On 5/13/2009 11:32 AM dpb spake thus:

David Nebenzahl wrote:

On 5/12/2009 6:01 AM dpb spake thus:

wrote:
...
Replacing one car with two doesn't sound all that good for the
enviroment or economical either.

Should help the economy rebound...

I can see they can help in metro areas but won't help very much at all
if any in the wide open spaces. Hybrids may eventually, but except
for midgets or families w/o kids or other stuff to carry, at least to
this point they aren't particularly convenient, at least to the way US
folks are accustomed. Don't see either really taking off w/ wild
popularity any time soon despite wishes of "them that be" for some
other alternate universe of their imagining...

I'd have to read the actual studies, not just some summary, to have
any real input on the conclusion other than it just doesn't seem right
that there could be such a large difference if the complete cycle were
considered on a consistent basis for both. Thermodynamics generally
doesn't lead to one outcome being so predominantly favorable as that
makes it seem.


It can if one of the methods being compared (the infernal combustion
engine) is ****-poor as an energy conversion mechanism. Apparently the
method used to generate electricity is more efficient.
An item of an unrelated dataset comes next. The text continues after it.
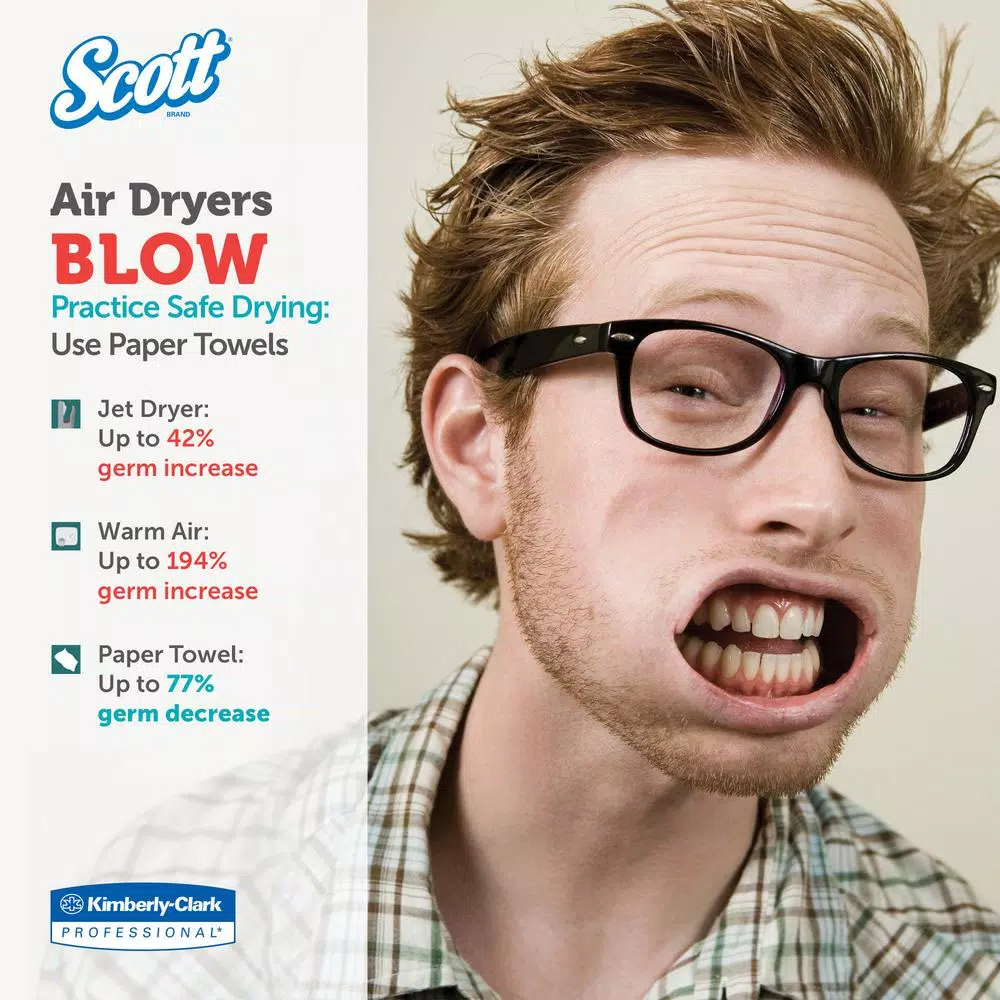 Scott Roll Control Center-Pull Paper Towels, 700 Sheets Per Roll, White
Which method would that be? 30% range is pretty much it for
conventional generation.

I'd still have to see where the analysis boundaries were drawn and what,
precisely, was compared to what rather than some summary as gospel.
(And, no, I'm not interested enough in the particular studies to go do
that... )


It is pretty disappointing not to know more about the methodoligies used
in the experiment. I'm also not all that keen on hunting down the
original article in /Science/.

My understanding from the commentary I heard before I found these
articles was that the researchers took identical amounts of input "fuel"
(switchgrass) and used them to power the two cars (one using liquid
biofuel, the other electricity). What isn't known is how they converted
the grass into electricity. Also not known is whether they actually used
identical masses of grass in the experiment, or whether they simply
extrapolated from different amounts. (For instance, it's possible that
the conversion to electricity is more efficient due to economy of
scale--burning the fuel in a large plant as opposed to a small portable
engine--and that they simply calculated the yield based on that.)